THE PROBLEM: Transcribe exactly the line in which "Hyundai Santa FE, 2010" occurs, plus every line that comes after it up to the end of the entries.

__________

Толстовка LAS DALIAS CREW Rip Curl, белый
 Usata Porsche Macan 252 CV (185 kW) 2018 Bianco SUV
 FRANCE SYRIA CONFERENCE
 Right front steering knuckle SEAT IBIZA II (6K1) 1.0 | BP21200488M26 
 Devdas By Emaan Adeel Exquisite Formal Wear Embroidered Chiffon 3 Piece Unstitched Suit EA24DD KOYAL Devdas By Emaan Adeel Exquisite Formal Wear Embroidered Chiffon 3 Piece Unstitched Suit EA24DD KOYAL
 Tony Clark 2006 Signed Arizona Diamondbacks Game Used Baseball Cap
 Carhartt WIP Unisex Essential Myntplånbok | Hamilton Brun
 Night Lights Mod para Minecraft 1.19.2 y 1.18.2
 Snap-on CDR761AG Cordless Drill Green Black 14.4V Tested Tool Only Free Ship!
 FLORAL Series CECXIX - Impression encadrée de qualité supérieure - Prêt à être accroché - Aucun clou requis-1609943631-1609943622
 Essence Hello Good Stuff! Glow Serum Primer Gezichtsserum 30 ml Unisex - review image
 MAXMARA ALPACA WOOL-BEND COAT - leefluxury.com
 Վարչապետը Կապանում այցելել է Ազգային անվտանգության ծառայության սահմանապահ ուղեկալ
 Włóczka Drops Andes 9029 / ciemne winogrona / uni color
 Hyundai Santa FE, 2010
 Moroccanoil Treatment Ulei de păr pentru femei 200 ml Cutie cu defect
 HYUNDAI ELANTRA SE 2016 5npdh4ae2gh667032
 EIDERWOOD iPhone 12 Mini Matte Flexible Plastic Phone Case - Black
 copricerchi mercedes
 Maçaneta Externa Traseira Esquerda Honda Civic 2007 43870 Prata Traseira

__________

ANSWER:
 Hyundai Santa FE, 2010
 Moroccanoil Treatment Ulei de păr pentru femei 200 ml Cutie cu defect
 HYUNDAI ELANTRA SE 2016 5npdh4ae2gh667032
 EIDERWOOD iPhone 12 Mini Matte Flexible Plastic Phone Case - Black
 copricerchi mercedes
 Maçaneta Externa Traseira Esquerda Honda Civic 2007 43870 Prata Traseira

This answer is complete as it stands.